> _Exercise requirements_
A verbatim copy is needed of the lines below from the one containing "Cocktail aan het zwembad bij Mwezi Zanzibar" up to and including the one containing "Fantastic 14K white Gold Diamond Ring", excluding pictures.
:: Records supplied
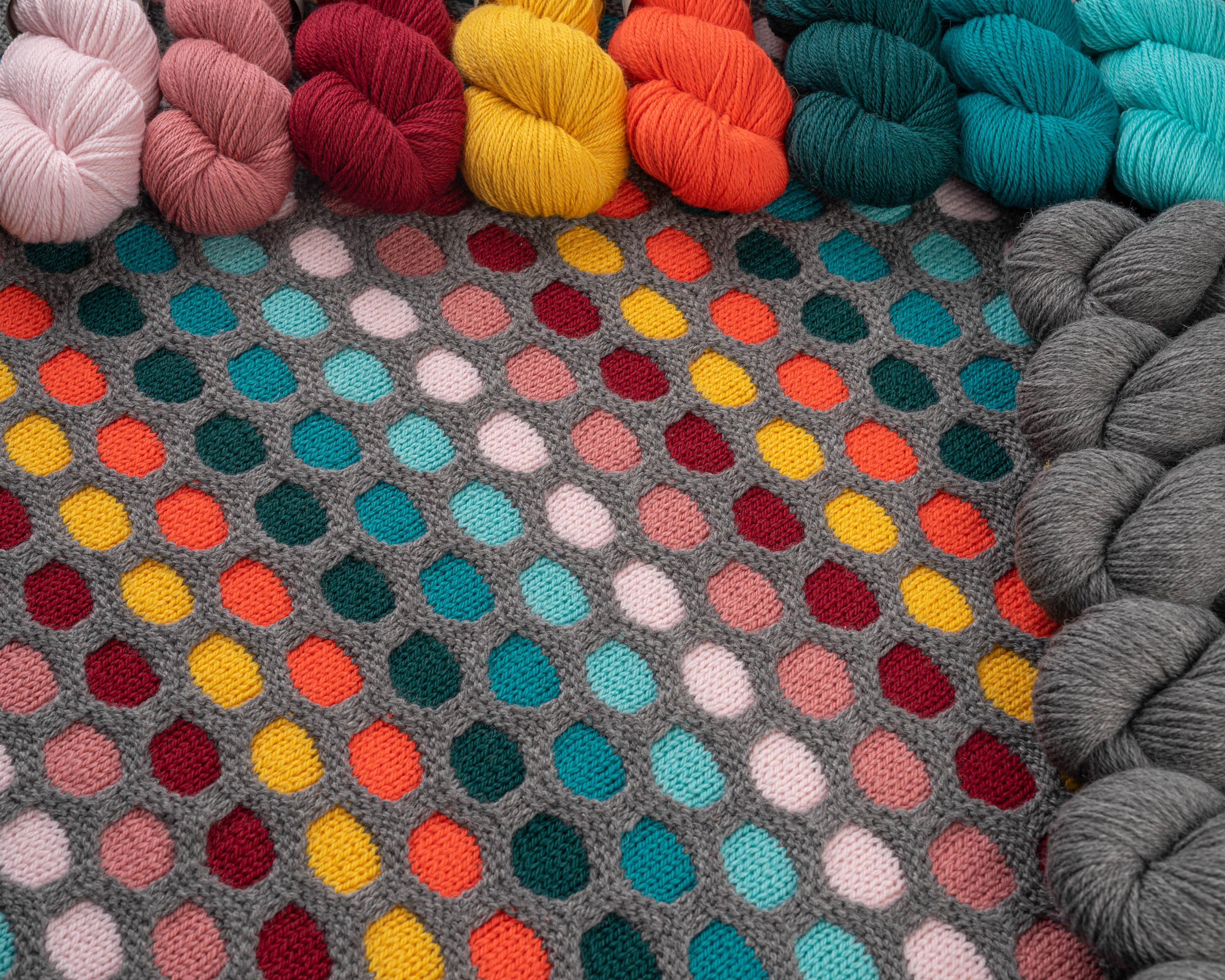 PAINTING HONEYCOMBS BLANKET PATTERN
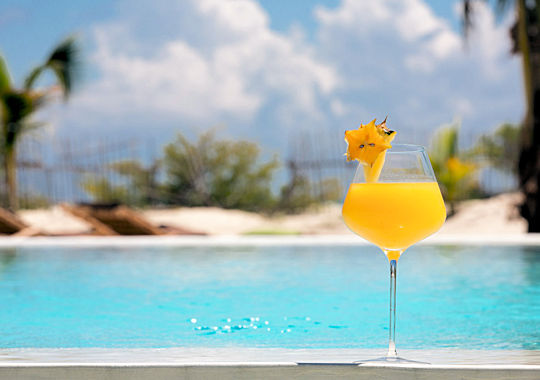 Cocktail aan het zwembad bij Mwezi Zanzibar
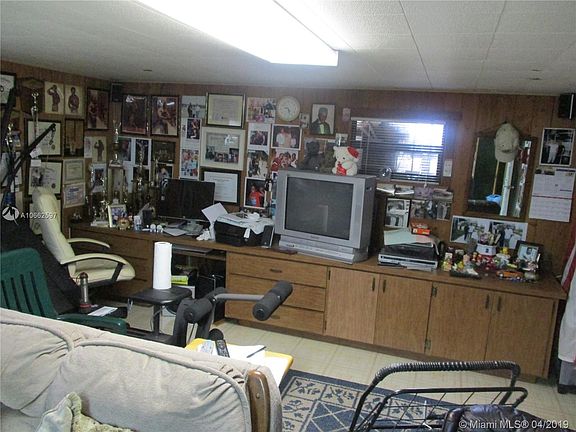 5th image of 20401 NE 12th Ave
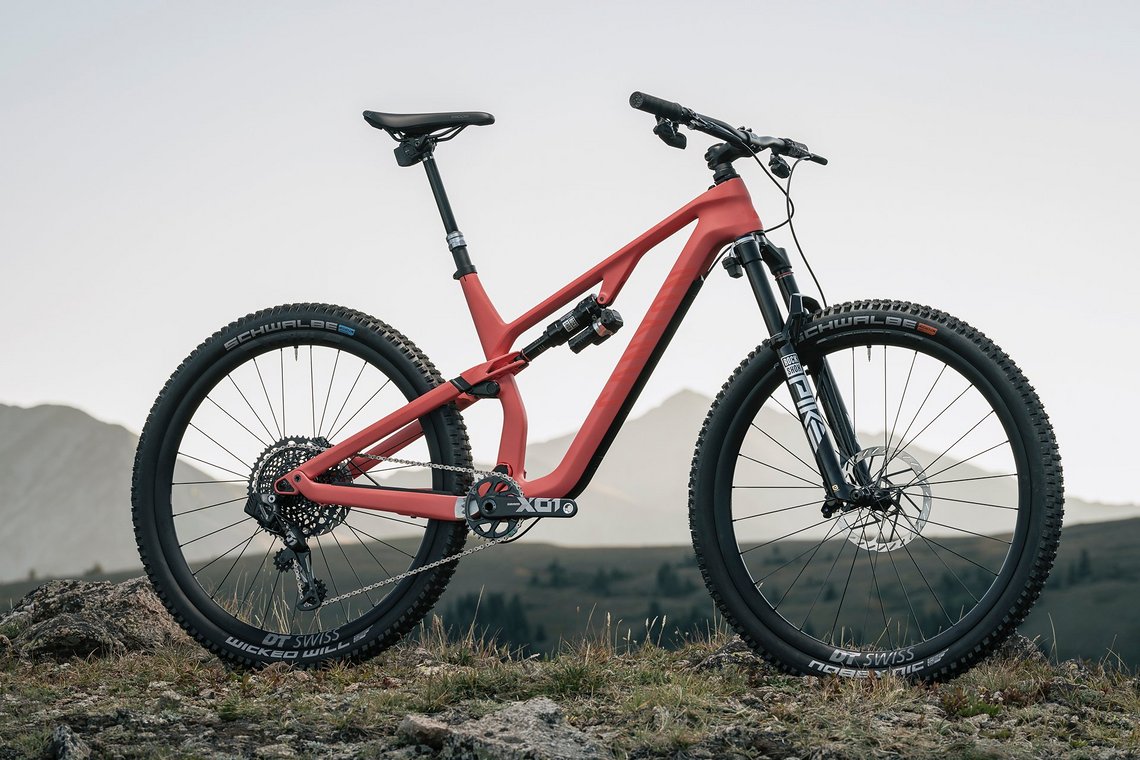 Wer am liebsten ausgedehnte Touren fährt und dabei immer im perfekten Fahrwerksmodus sein will, greift zum Canyon Neuron CF SLX LTD für 8.000 €.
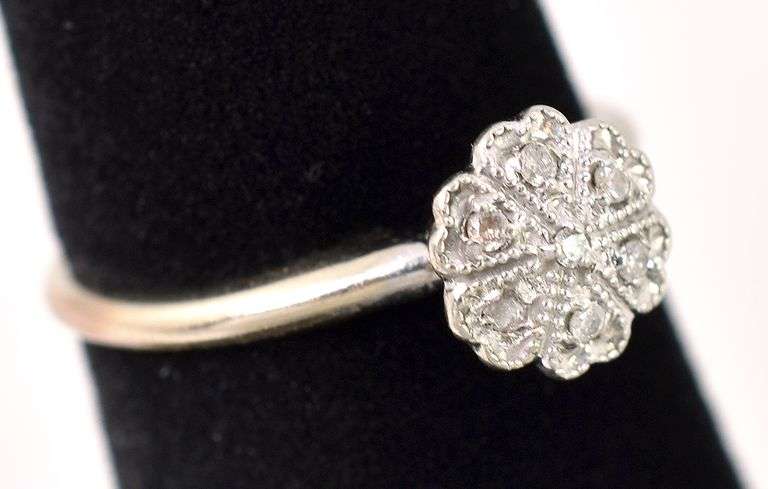 Fantastic 14K white Gold Diamond Ring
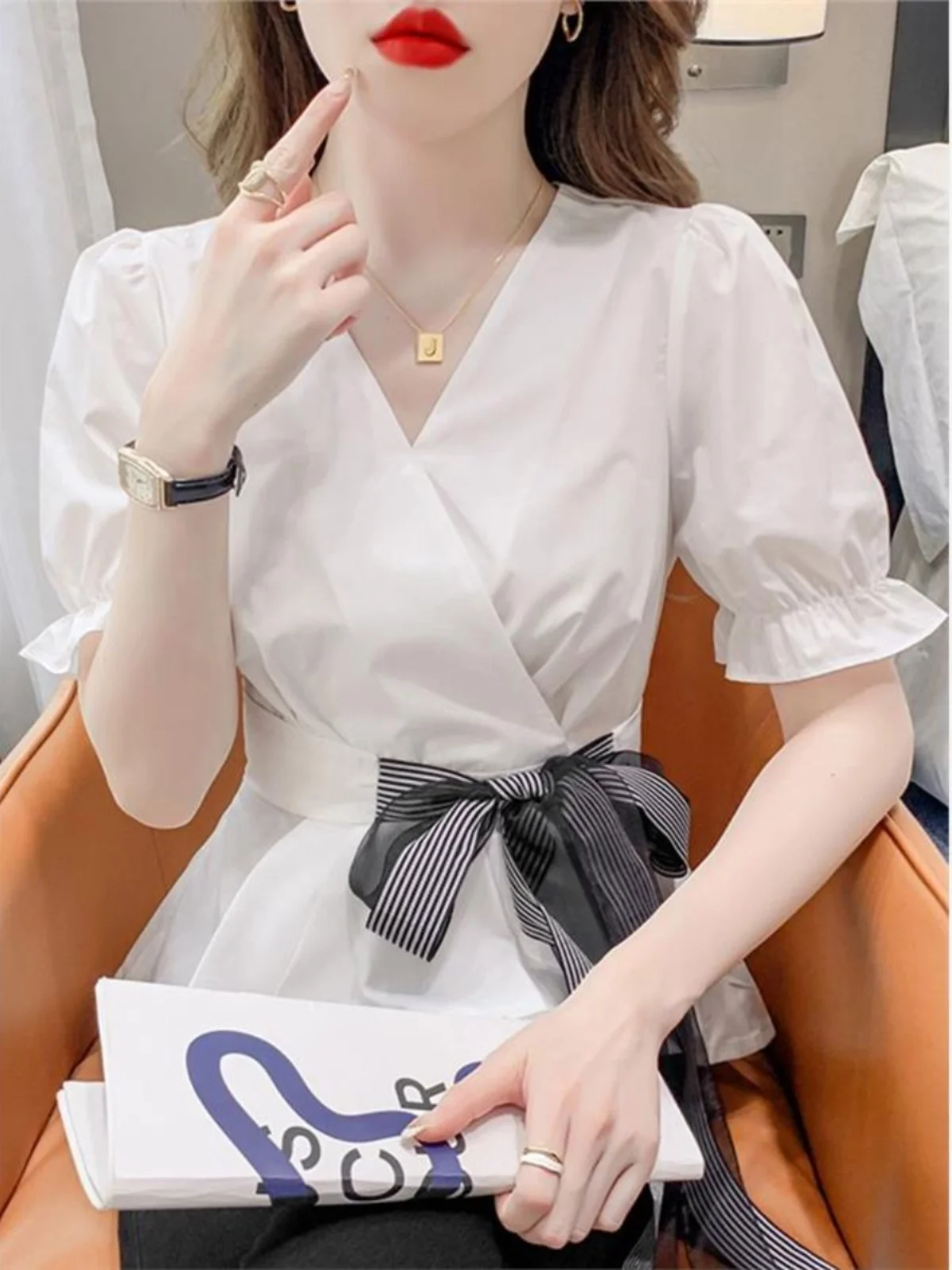 Модный топ с узлом и коротким рукавом для женщин, летняя одежда 2024, новинка в корейском стиле, с эффектом утяжки талии, антивозрастной эффект, дизайн.
Модный топ с узлом и коротким рукавом для женщин, летняя одежда 2024, новинка в корейском стиле, с эффектом утяжки талии, антивозрастной эффект, дизайн.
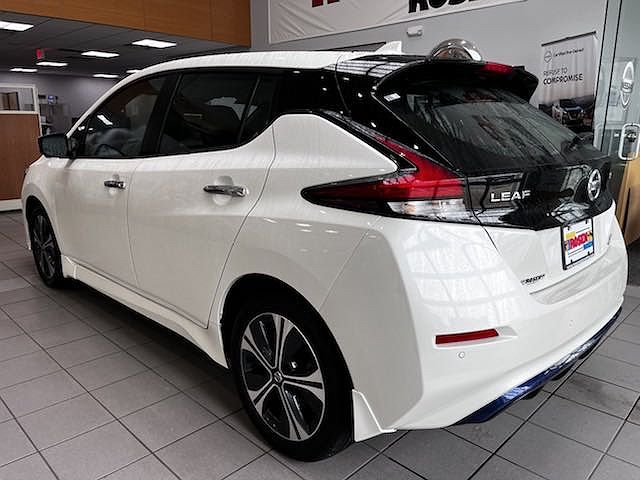 2022 Nissan Leaf SV image 1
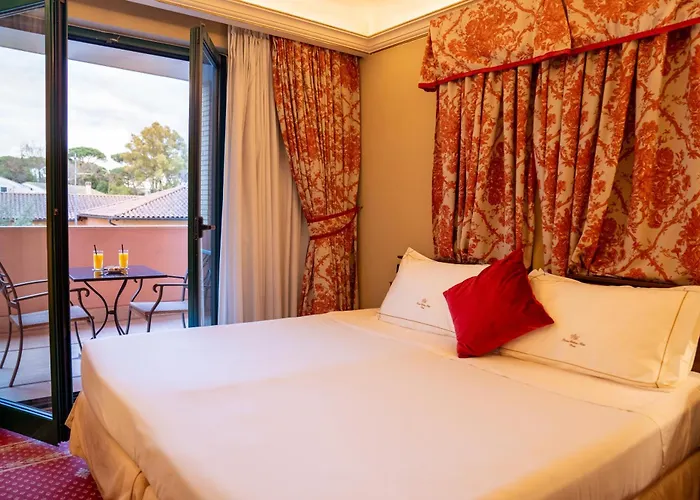 Hotel River Chateau 4*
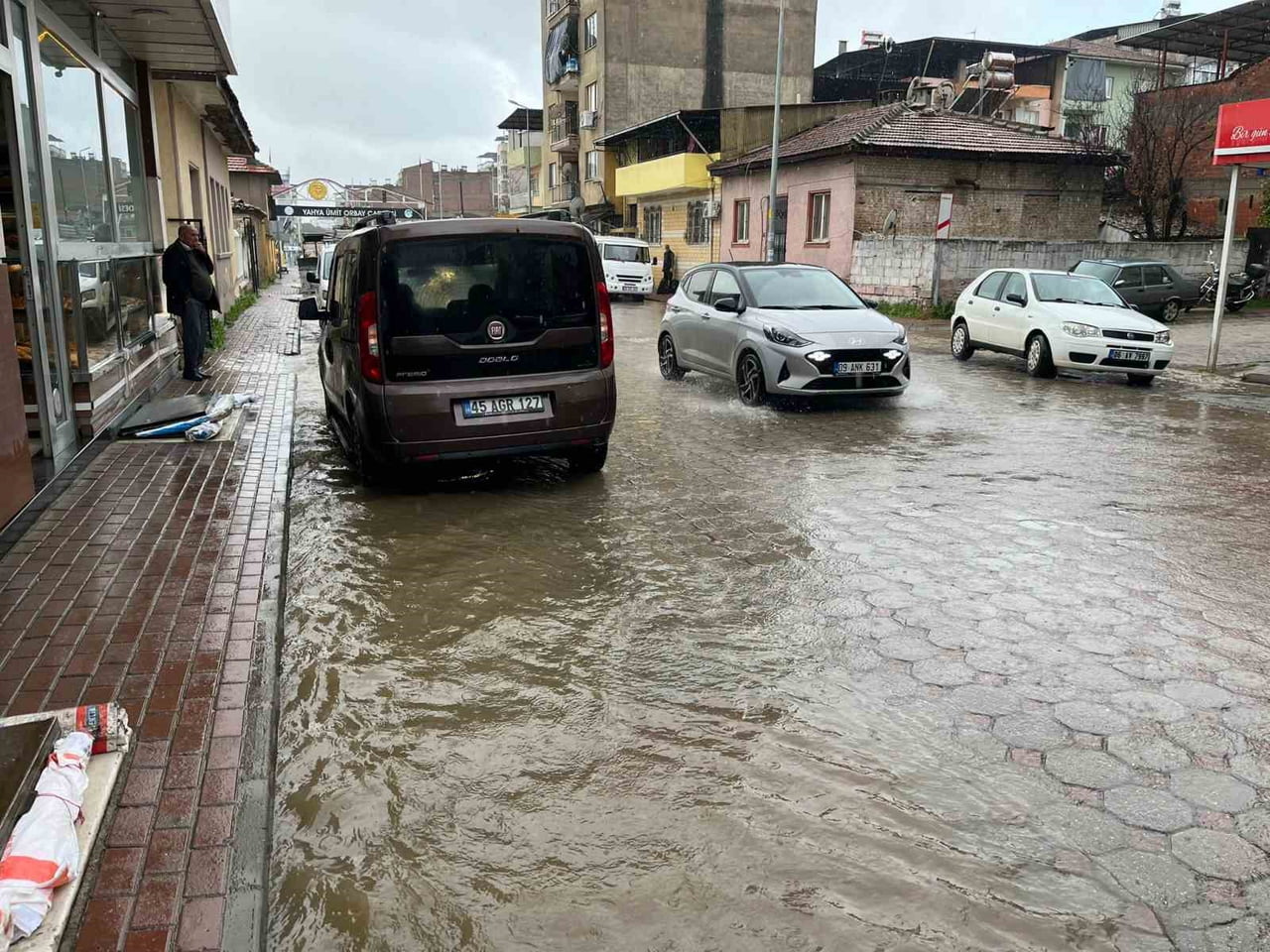 AYDIN’IN İNCİRLİOVA İLÇESİNDE ETKİLİ OLAN SAĞANAK YAĞIŞ, GÜNLÜK YAŞAMI OLUMSUZ ETKİLEDİ. KISA...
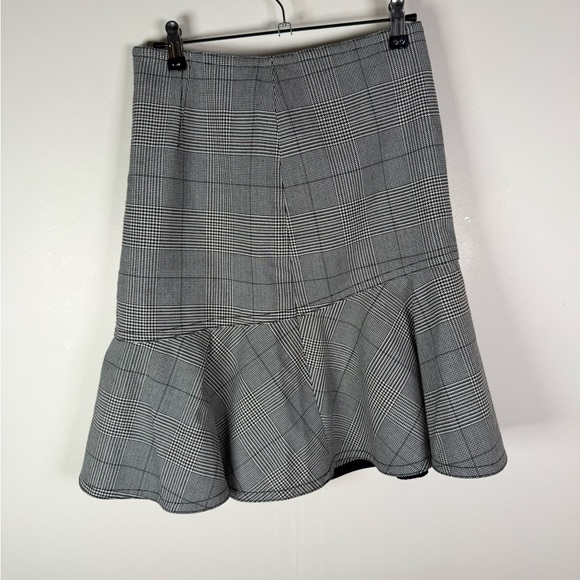 Ann Taylor Black And White Plaid Flounce Hem Skirt - Picture 5 of 8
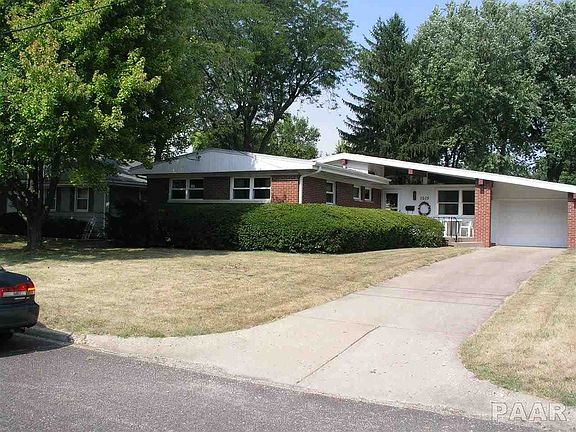 2nd image of 1015 E Melbourne Ave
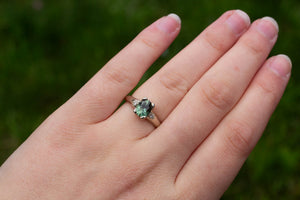 Eos Ring - 14ct White Gold with Green Sapphire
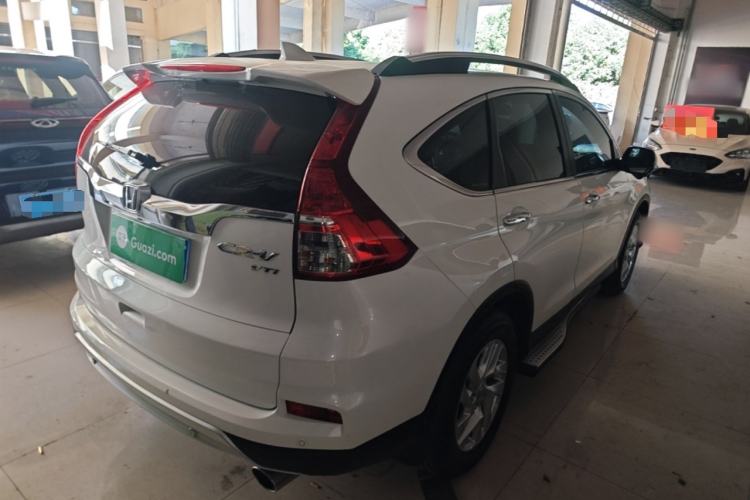 Used Honda CR-V 2015 2.4L two-wheel drive luxury version Rear Right 45 Deg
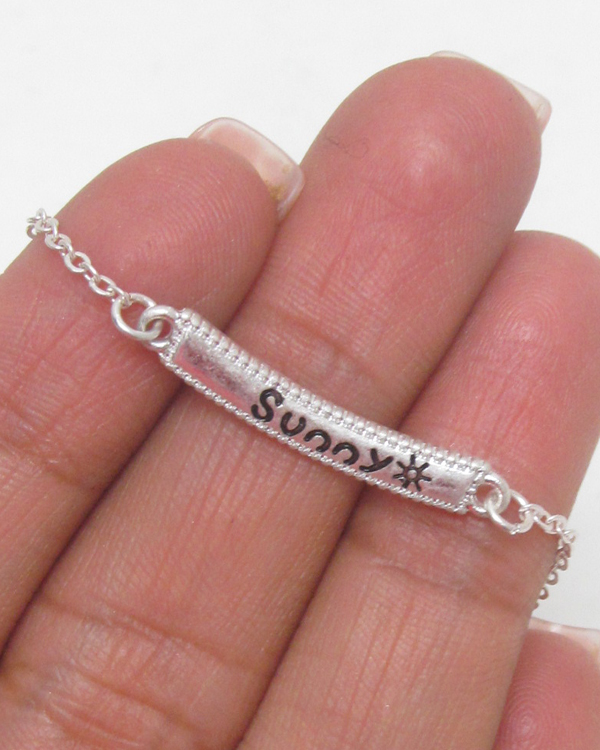 Sunny plate pendant necklace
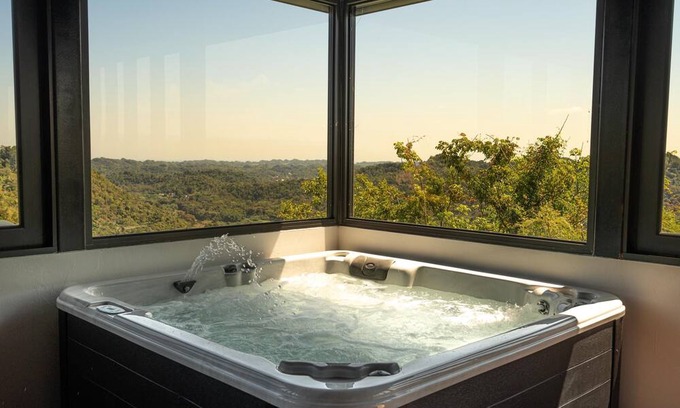Vega Alta Casa | Entire Place W/Private Bar, Jacuzzi, Pool table & Scenic View.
::::
> _Reply_
 Cocktail aan het zwembad bij Mwezi Zanzibar
 5th image of 20401 NE 12th Ave
 Wer am liebsten ausgedehnte Touren fährt und dabei immer im perfekten Fahrwerksmodus sein will, greift zum Canyon Neuron CF SLX LTD für 8.000 €.
 Fantastic 14K white Gold Diamond Ring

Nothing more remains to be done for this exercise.